__COLLECTED DATA__
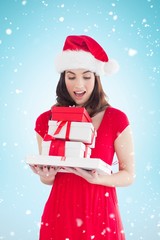 Composite image of festive brunette holding gifts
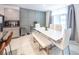 Stylish dining area with modern table setting, elegant seating, and decor at 1791 Hackberry St, Clermont, FL 34715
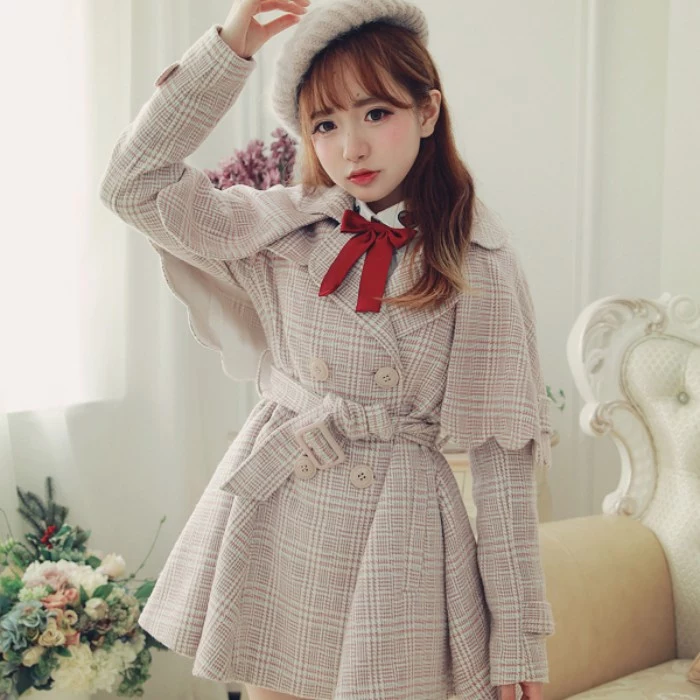 caped coat in beige plaid, with a red bow near the neck, worn by a brunette girl, in a white knitted baret, lolita fashion 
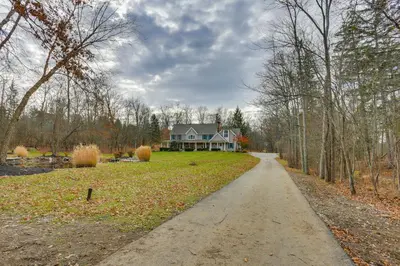 a driveway leading to a house in the woods at Pond and Gazebo Expansive Hudson Valley Escape! in Goshen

__ABOUT THIS EXERCISE__
Everything from the line that contains "caped coat in" to the final line of the data is to be duplicated exactly, both ends included, except the pictures.

__RESULT FOR THIS EXERCISE__
 caped coat in beige plaid, with a red bow near the neck, worn by a brunette girl, in a white knitted baret, lolita fashion 
 a driveway leading to a house in the woods at Pond and Gazebo Expansive Hudson Valley Escape! in Goshen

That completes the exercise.